Really I didn't know that I will try it with the full fat milk..I'm finding it so hard at the moment what to eat and what not to eat


----------



## Owen (Oct 20, 2016)

lesley from Chelmsford said:


> Really I didn't know that I will try it with the full fat milk..I'm finding it so hard at the moment what to eat and what not to eat


Why don't you tell us favourite foods, then people can jump in with suggestions. GL For Dummies will be a good help


----------



## Martin Canty (Oct 20, 2016)

lesley from Chelmsford said:


> I'm finding it so hard at the moment what to eat and what not to eat


As Owen says, just ask & we will suggest & advise on what food works for us & not..... Just don't as for any beetroot recipes from me


----------



## Copepod (Oct 20, 2016)

lesley from Chelmsford said:


> hi all for breakfast this morning I had two weetabix banana flavoured,for lunch I had two boiled eggs with a slice of burgen bread,have I eaten too much.☹️️


What are you trying to achieve? Reduced blood glucose levels only or reduced body weight as well? What did you drink along with the food?


----------



## Mark T (Oct 20, 2016)

I agree with everyone else.  It depends what you are trying to achieve.

Based on this: http://www.nhs.uk/Livewell/weight-loss-guide/Pages/calorie-counting.aspx

I think you have eaten 1000 out of the recommended 1400 kcal for weightloss.
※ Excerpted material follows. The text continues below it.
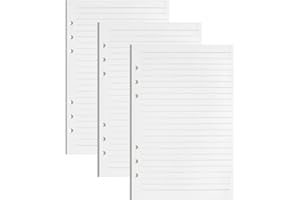 ABCDPP 3 Pack A5 Lined Refills Paper, 135 Sheets/270 Pages A5 Insert Thick Refillable Paper, A5 Notebook Refill, 6 Hole Loose Leaf Punched Paper Refill Pad for Planner and Note Taking (A5-Lined)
If you are trying to control glucose levels, then I subscribe to the "eat to your meter" mantra.  So without testing you can't really tell.  Personally I'd avoid any cereal in the morning as it sends me to the sky!  First thing in the morning is when most of us are at out most insulin resistant.  Which means carbs eaten in the morning make you go higher then the same number of carbs eaten later in the day.


----------



## lesley from Chelmsford (Oct 20, 2016)

I'm trying to get my sugar levels down...and finding it hard to achieve in doing so


----------



## lesley from Chelmsford (Oct 20, 2016)

Owen said:


> Why don't you tell us favourite foods, then people can jump in with suggestions. GL For Dummies will be a good help


All food is my favourite really think that's why I'm finding it hard


----------



## lesley from Chelmsford (Oct 20, 2016)

Mark T said:


> I agree with everyone else.  It depends what you are trying to achieve.
> 
> Based on this: http://www.nhs.uk/Livewell/weight-loss-guide/Pages/calorie-counting.aspx
> 
> ...


So I think I should cut breakfast out because I don't normally eat breakfast in the mornings


----------



## lesley from Chelmsford (Oct 20, 2016)

Copepod said:


> What are you trying to achieve? Reduced blood glucose levels only or reduced body weight as well? What did you drink along with the food?


Just sugar levels


----------



## lesley from Chelmsford (Oct 20, 2016)

Andy HB said:


> Sounds OK to me. But what does your meter say?
> 
> Andy


I haven't got a meter I'm only testing urine at the mo


----------



## Martin Canty (Oct 20, 2016)

lesley from Chelmsford said:


> I don't normally eat breakfast in the mornings


I was never one for breakfast either..... Now I practice Intermittent Fasting, there are some interesting videos on IF if you google Jason Fung..... However, my diet would have your diabetes team shuddering in fear, but for me it's working & I have very good control & I bet I could get my numbers just a little bit better with more effort.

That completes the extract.